Leitsatz
Der Anspruch des Wohnungsmieters auf Erteilung zur Untervermietung setzt nicht voraus, dass der Mieter in der Wohnung seinen Lebensmittelpunkt hat (amtlicher Leitsatz des BGH).
Normenkette
BGB § 553
Kommentar
Ein Ehepaar hatte im Jahr 1992 eine in Berlin gelegene 3 1/2-Zimmer-Wohnung mit einer Wohnfläche von ca. 115 qm angemietet. Ab dem Jahr 2003 wurde die Wohnung von dem Ehepaar allerdings nur noch selten genutzt, weil beide Eheleute an einem anderen Ort berufstätig waren und dort Wohnungen angemietet hatten. Die Mieter haben deshalb den Vermieter aufgefordert, ihnen die Untervermietung von zwei Zimmern der Wohnung zu gestatten. Dies hat der Vermieter abgelehnt. Die Klage der Mieter auf Erteilung der Untermieterlaubnis wurde von den Instanzgerichten zurückgewiesen. Der BGH hat die Urteile aufgehoben.
Nach § 540 Abs. 1 Satz 1 BGB ist der Mieter ohne Erlaubnis des Vermieters nicht berechtigt, den Gebrauch der Mietsache einem Dritten zu überlassen. Die Regelung gilt für alle Mietverhältnisse. Erlaubnispflichtig ist jede Form der Gebrauchsüberlassung, auch die Untervermietung eines Teils einer Wohnung.
Für die Wohnungsmiete ist allerdings in § 553 Abs. 1 Satz 1 BGB bestimmt, dass der Mieter einen Anspruch auf die Erteilung der Erlaubnis hat, wenn für ihn nach Abschluss des Mietvertrags ein berechtigtes Interesse besteht, einen Teil des Wohnraums einem Dritten zum Gebrauch zu überlassen. Dabei besteht weitgehend Einigkeit, dass der Begriff des berechtigten Interesses weit auszulegen ist. Unter anderem wird ein berechtigtes Interesse bejaht, wenn der Mieter durch die Untervermietung seine Wohnkosten reduzieren will. Der BGH folgt dieser Auffassung.
Nach der gesetzlichen Regelung hat der Mieter keinen Anspruch auf Erteilung einer Erlaubnis zur Untervermietung der gesamten Wohnung.
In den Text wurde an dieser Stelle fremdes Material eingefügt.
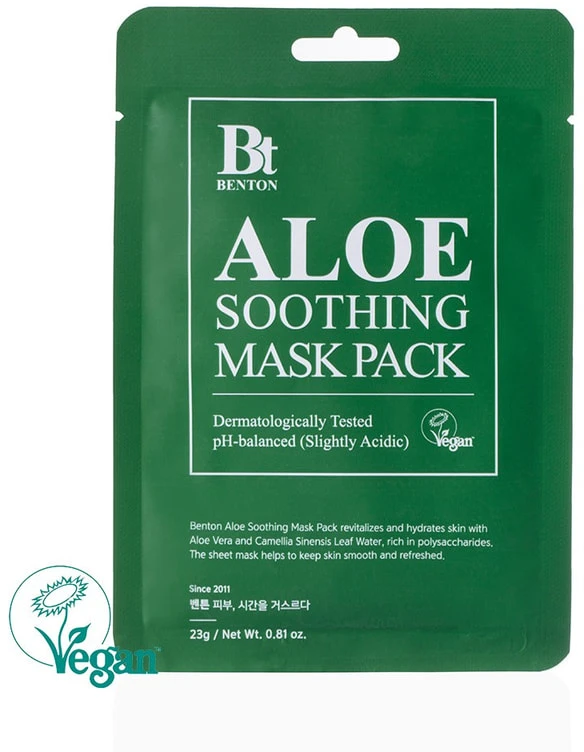 Benton Aloe Soothing Mask Pack veido kaukė, 23 g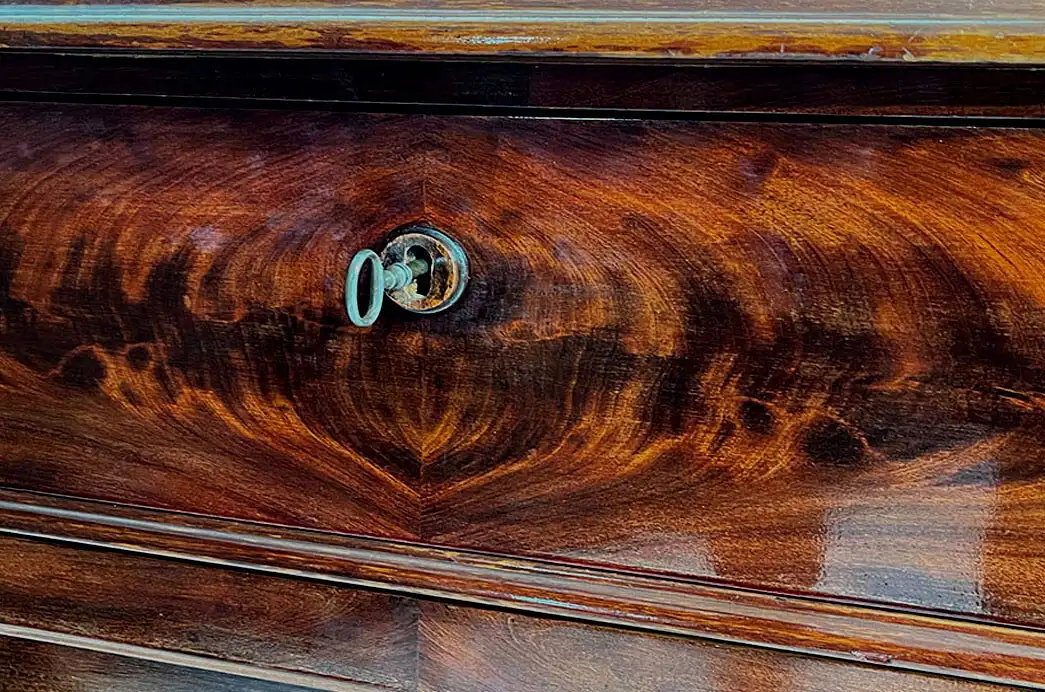 1840er Kommode ANTIK Louis Philippe Mahagoni Schrank Sideboard von 1840 13
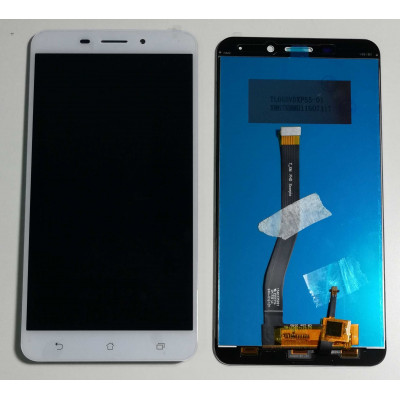 Lcd-Anzeige + Berührungsbildschirm Für Asus Zenfone 3 Laser Zc551Kl Z01Bs Weiß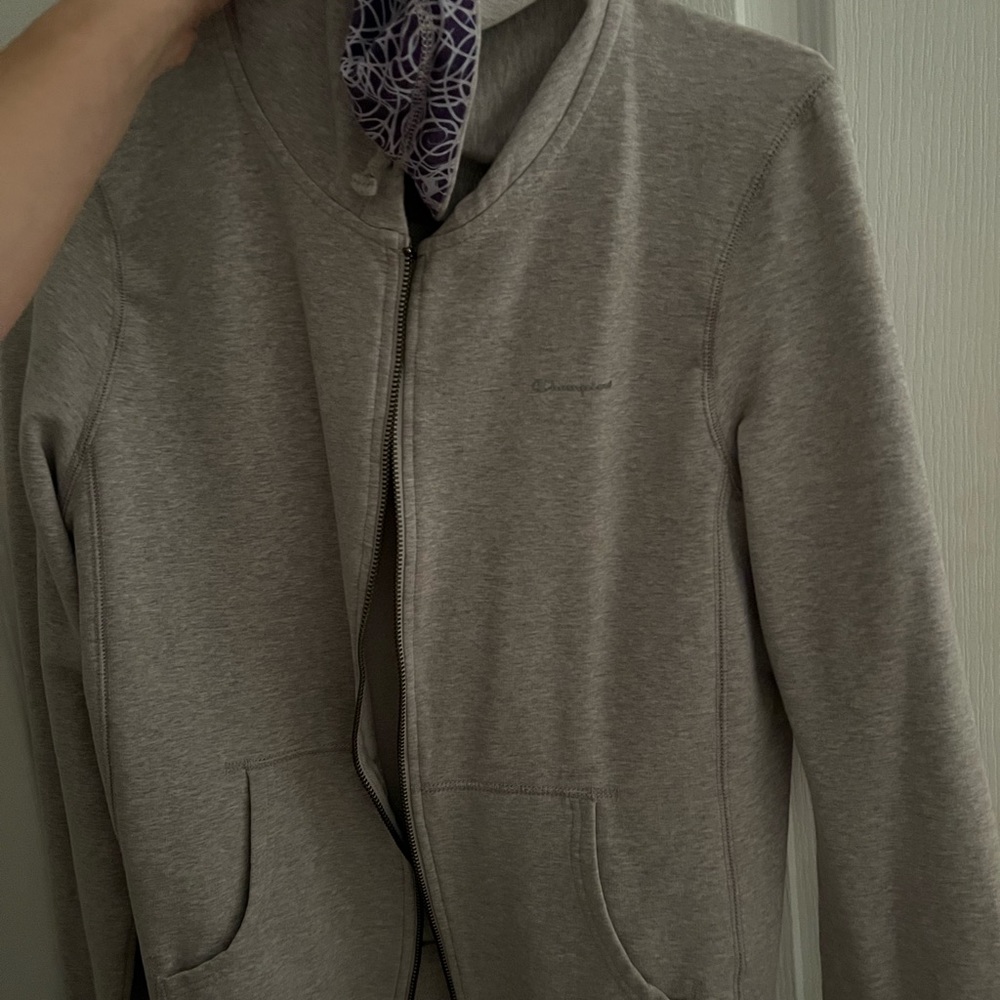 medium champion zip up sweater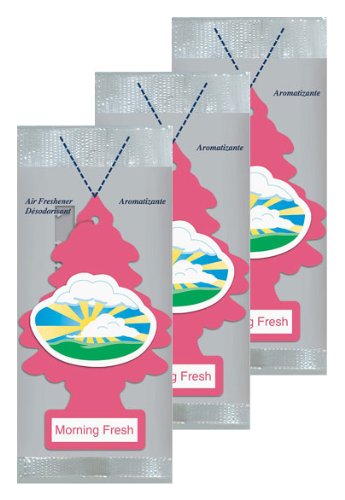 Little Trees Hanging Car and Home Air Freshener, Morning Fresh Scent - 3 Pack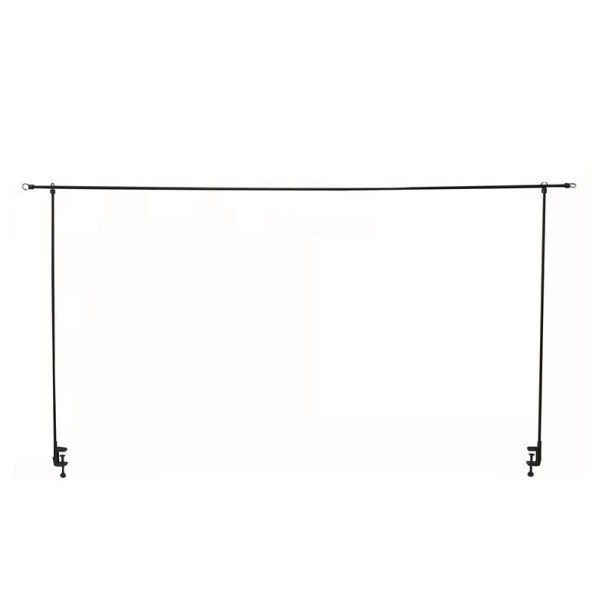 Estrutura decorativa para mesa ajustável 80-250 cm altura 123 cm com garras para pendurar flores, balões e luzes em casamentos, festas e celebrações preto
Hieraus ist gefolgert worden, dass der Mieter weiterhin "Herr der Wohnung" bleiben muss und dass diese Voraussetzung fehlt, wenn sich der Mieter aus persönlichen oder beruflichen Gründen überwiegend an anderen Orten aufhält und die Wohnung deshalb nicht mehr den Lebensmittelpunkt des Mieters darstellt. Auch die mit der Sache befassten Vorinstanzen haben diese Meinung vertreten.
Der BGH ist anderer Ansicht. Die von den Vorinstanzen gemachte Einschränkung finde im Gesetz keine Stütze und sei mit dem Zweck des § 553 BGB nicht vereinbar. Durch die Vorschrift soll erreicht werden, dem Mieter auch dann die Wohnung zu erhalten, wenn er an einem Teil der Räume keinen Bedarf hat. Des Weiteren sei zu bedenken, dass "der Mobilität und Flexibilität" in der heutigen Gesellschaft zunehmende Bedeutung zukomme. Deshalb könne der Mieter auch dann einen Anspruch auf Erteilung der Erlaubnis haben, wenn er sich überwiegend nicht in der Wohnung aufhalte.
Der BGH hat in Erwägung gezogen, dass in den Fällen der hier vorliegenden Art schützenswerte Belange des Vermieters tangiert werden. Dies sei aber nicht bei den Tatbestandsmerkmalen des § 553 Abs. 1 Satz 1 BGB, sondern nach § 553 Abs. 1 Satz 2 BGB zu prüfen. Danach hat der Mieter trotz eines berechtigten Interesses keinen Anspruch auf Erteilung der Erlaubnis, wenn in der Person des Untermieters ein wichtiger Grund vorliegt, der Wohnraum übermäßig belegt würde oder dem Vermieter die Überlassung aus sonstigen Gründen nicht zugemutet werden kann. Zur Prüfung dieser Frage hat der BGH das Verfahren an das LG Berlin zurückverwiesen.